Compute the cumulative sum#

import numpy as np
# inputs: the data variable you want to sum
discharge_csum = np.cumsum(gauge_data['discharge_anomaly'])
discharge_csum
0     -3.041379e-01
1     -6.082759e-01
2     -9.124138e-01
3     -1.216552e+00
4     -1.520690e+00
           ...     
141    2.712414e+00
142    5.082759e-01
143   -1.695862e+00
144    5.684342e-14
145             NaN
Name: discharge_anomaly, Length: 146, dtype: float64

Plot the cumulative sum#

import matplotlib.pyplot as plt
plt.title('Cumulative Sum Discharge')
# inputs: x values, y values
plt.plot(gauge_data['datetime'], discharge_csum)

ax = plt.gca()
ax.xaxis.set_major_locator(plt.MaxNLocator(5))  # Use only 4 labels
ax.tick_params(axis='x', labelrotation = 80)  # Rotate the labels so the are more vertical
../../_images/73c84143f4eeca18258d571f155c44b35e3ceaaa2036f28a57ed56ba546e904c.png

Kendall’s Tau#

docs page

from scipy import stats
# inputs: variable 1, variable 2, (OPTIONAL nan_policy if your dataset has nan values)
tau, p_value = stats.kendalltau(gauge_data['Discharge'], gauge_data['pH'], nan_policy='omit')
print('tau: ', tau, ' p_value: ', p_value)
tau:  -0.5386593699749752  p_value:  1.1943988281013273e-14

Scatter plot of the Discharge and pH#

gauge_data.plot.scatter('Discharge', 'pH')
plt.title('pH vs. Discharge')
Text(0.5, 1.0, 'pH vs. Discharge')
../../_images/3b9a7154d1bb004c435c7c94b810c01995313d2a1c6da200573131c54d7b0de1.png

Theil Sen Estimator#

docs page

from scipy import stats

If needed drop rows with nans

gauge_data = gauge_data.dropna(subset=['Discharge', 'pH'])

Compute the slope values for the best fit line and confidence interval lines.
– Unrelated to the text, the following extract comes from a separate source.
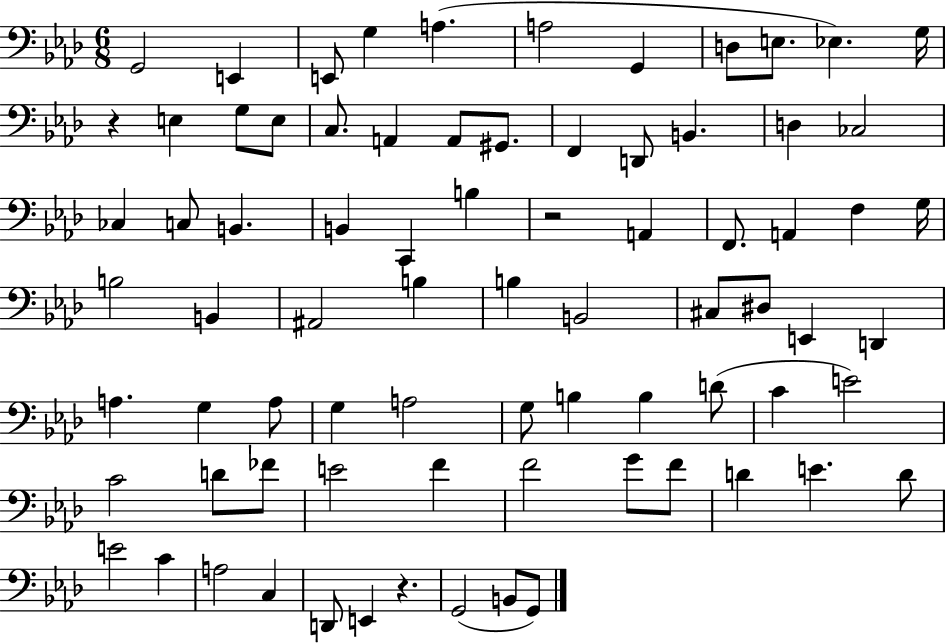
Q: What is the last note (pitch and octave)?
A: G2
Output res returns four values:

  1. slope of the Theil line

  2. intercept of the Theil line

  3. slope of lower bound of confidence on the Theil line

  4. slope of upper bound of confidence on the Theil line

# inputs are: y variable, x variable, confidence interval (value between 0 and 1)
res = stats.theilslopes(gauge_data['pH'], gauge_data['Discharge'], 0.90)
# Here I used the index as a replacement for time
print(res)
TheilslopesResult(slope=-0.02702702702702691, intercept=9.202702702702698, low_slope=-0.03636363636363624, high_slope=-0.02564102564102556)

Plot the lines#

import matplotlib.pyplot as plt

Use the slope and y intercept values from the stats.theilslopes() method and plot the lines using the form y = b + m*x

# Inputs for all plots: x values, y values, (optional color preferences)
# base scatter plot
plt.scatter(gauge_data['Discharge'], gauge_data['pH'])
# Theil slope
plt.plot(gauge_data['Discharge'], res[1] + res[0]*gauge_data['Discharge'], color='red')
# lower confidence line
plt.plot(gauge_data['Discharge'], res[1] + res[2]*gauge_data['Discharge'], '--k')
# upper confidence line
plt.plot(gauge_data['Discharge'], res[1] + res[3]*gauge_data['Discharge'], '--k')
[<matplotlib.lines.Line2D at 0x15c5f5870>]
../../_images/bbade386a49e6cb8b7e480c3bcc471ab5651bae11c157cba4101a539dacd3644.png

More color preferences for the plot are listed in the “Notes” section of the plt.plot docs.